Later, when Mother Teresa was interviewed, she was asked something like “How do you DO this all the time?!  In Calcutta, here…you deal with such ugly suffering every day.”

 

And she answered, even out of the wilderness of what we now know was a dark time for her…” I see the Christ in them. I try to see Christ…I see God in their eyes,…in their hearts.”

 

In other words, she was saying that when our hearts are changed, when we are One in the Spirit…when we are at our best like that…from that perspective, we expand our understanding of “me….” of “we.” If there is Christ in me – and I can see God in you – it’s there…then there is no more “you.” No more “them.”  It becomes “us.” We are One.

 

Take our eyes and help us to see.

 

[C.]

 

One of my seminary professors, Dr. Cliff Stanley,  used to write the word on the blackboard.

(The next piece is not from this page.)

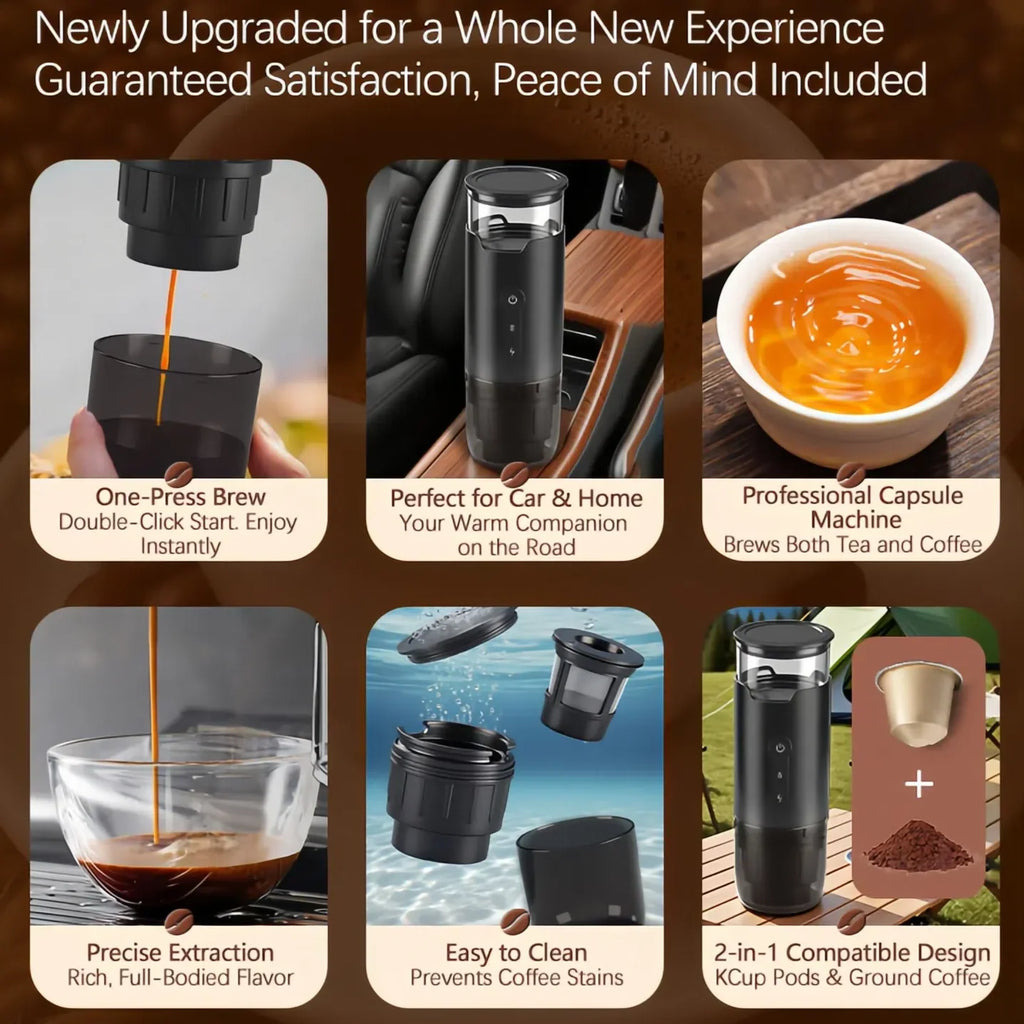 DUTRIEUX Capsule & Ground Coffee Machine | 8 Bar, 0.5L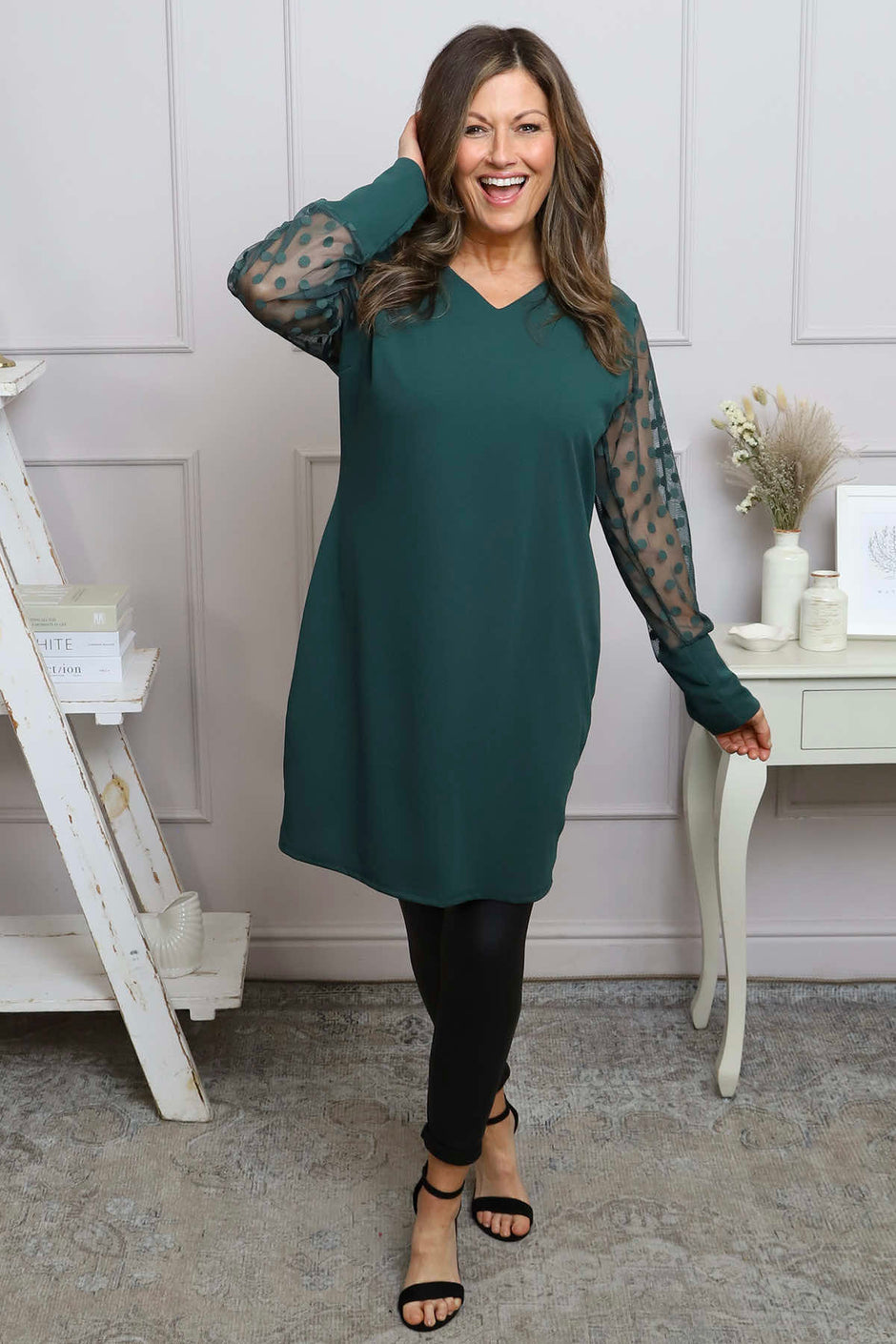 Reagan Tunic Bottle Green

He was so “prophet-like….” Bushing eyebrows flaring up, long fingers…and he’d write…

 

”s…Big I….n” up there on the board. And he’d point to it with those long, boney fingers

 

“That’s the essence of it!!” he’d say.

 

“Look at the way it’s SPELLED!

 

“I” is in the middle!!”

 

“When “I” am in the middle, when I’m in the center at  the exclusion of everyone else….THAT, my friends, THAT is the essence of SIN!”

 

“We must change our hearts!” he’d roar.

 

I am not sure if Dr. Stanley ate locusts. Maybe he did.

 

[D].

There was an Episcopal school alumnus who explored another wilderness…the wilderness of space. Michael Collins and Neil Armstrong and Buzz Aldrin where on that historic  moon mission…and Mike was the one who stayed in the lunar orbiter as the other two descended to the moon’s surface. He has written about that lonely, solo experience in a book called “Carrying the Fire” ..and he described his God’s Eye view of the earth from out there. When he would come back to his old school would speak about that rare perspective of our planet from the wilderness of space…and he would describe it this way…the earth looked like a fragile, blue and white marble hanging in deep, black space…blue and white, blue and white [those were the school’s colors….he kept saying “blue and white, blue and white” …and the boys loved it….”Yes!” They’d say!]

 

And then he described his important learning... the Truth …he discovered from that wilderness…he said that the lines on the globe, the lines on the map had disappeared. They just weren’t there. It was just blue and white. WE had drawn the lines on the map…the lines that separate. They were created by US…but the Truth is,  there ARE no lines. No “we” and “them” from there. It’s all “us.”

 

Take our eyes and help us to see

 

Sometimes I wonder if  Mike had  listened carefully in the silence of space…I wonder if he would have heard the echo of a voice from the dozens of services he attended in his old  school’s chapel…the voice of the one who saw it, who was preparing a path for the One who was it…”repent…repent…for the Kingdom of Heaven has come near.” Or the voice of the  earlier prophet we heard this morning – “and a shoot shall come from the stump of Jesse, and the spirit of the Lord shall rest upon him, the spirit of wisdom and understanding….and the wolf shall live with the lamb…and a little child shall lead them.”

 

Take our ears and help us to listen

 

[Conclude by singing]

 

In our hearts, Lord, be glorified, be glorified.

In our hearts, lord, be glorified today.